**Data for analysis:**
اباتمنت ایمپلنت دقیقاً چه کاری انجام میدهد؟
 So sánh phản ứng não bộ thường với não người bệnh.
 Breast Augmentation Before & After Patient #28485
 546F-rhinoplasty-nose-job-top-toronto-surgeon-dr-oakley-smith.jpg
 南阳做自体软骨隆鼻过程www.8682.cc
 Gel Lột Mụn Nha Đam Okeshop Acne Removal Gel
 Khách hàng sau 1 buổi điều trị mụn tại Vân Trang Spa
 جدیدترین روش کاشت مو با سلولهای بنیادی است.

**Aim of the exercise:**
Starting at the line that contains "南阳做自体软骨隆鼻过程www.8682.cc", restate word for word every line through the last one in the records above. Return nothing else.

**Output of the exercise:**
 南阳做自体软骨隆鼻过程www.8682.cc
 Gel Lột Mụn Nha Đam Okeshop Acne Removal Gel
 Khách hàng sau 1 buổi điều trị mụn tại Vân Trang Spa
 جدیدترین روش کاشت مو با سلولهای بنیادی است.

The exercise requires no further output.